A novel approach for accurate development of the incremental plastic multiplier and consistent tangent operator in thermo-elasto-plastic modeling of materials

Abstract

In the present research, new and accurate equations were developed for the incremental plastic multiplier (IPM) and the consistent tangent operator (CTO) to solve numerical problems in thermo-elasto-plastic (TEP) processes using the finite element method (FEM). To ensure accuracy, all material hardening coefficients were treated as temperature-dependent, and no terms and their derivatives in the analytical-mathematical solution were ignored. Two UMAT (User MATerial) subroutines with temperature-independent and temperature-dependent parameters were programmed for the EP and TEP behavior, respectively.

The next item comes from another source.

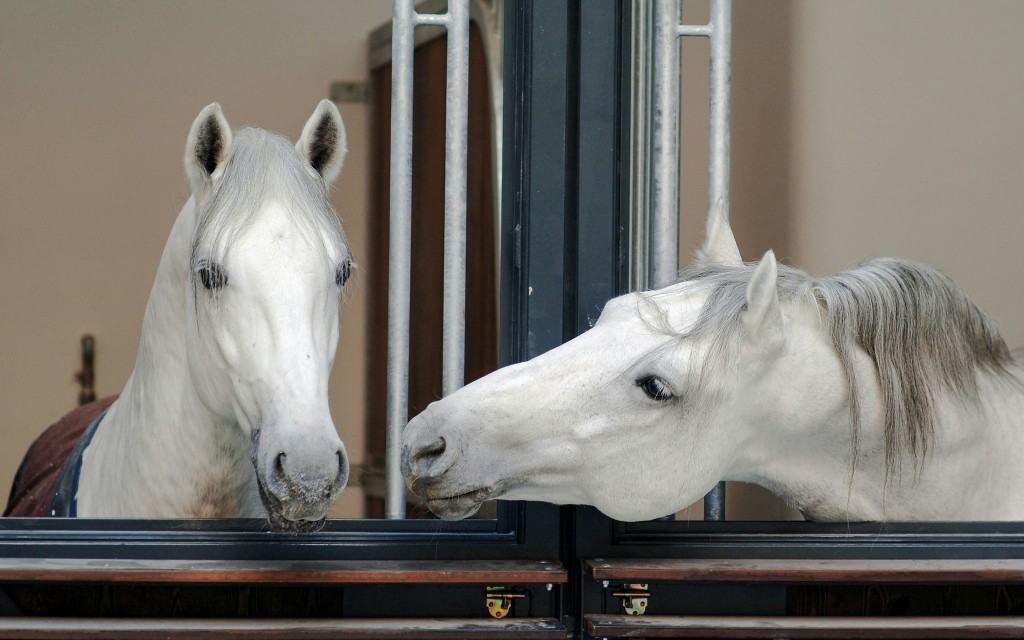 Führung „Legenden der Lipizzaner“ in der Spanischen Hofreitschule (Guided Lippizaner Legend Tour (German)) - 2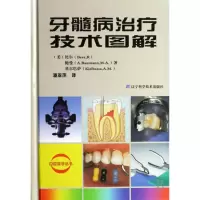 音像牙髓病治疗技术图解(精)/口腔医学丛书比尔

Finite element models were created using both the Abaqus® built-in material models and the newly developed UMAT subroutines, designated as the reference and new models, respectively. In the reference model, flow stress was implemented using tabulated plastic strain and temperature data available in Abaqus®, while in the new model, the flow stress (yield function) was derived and numerically calculated based on the developed formulation. The new equations were successfully validated by comparing the results from the new model with those from the reference model. The developed IPM and CTO can be used for accurate predictions of strains, stresses, and temperatures in TEP problems, making them well-suited for industrial applications.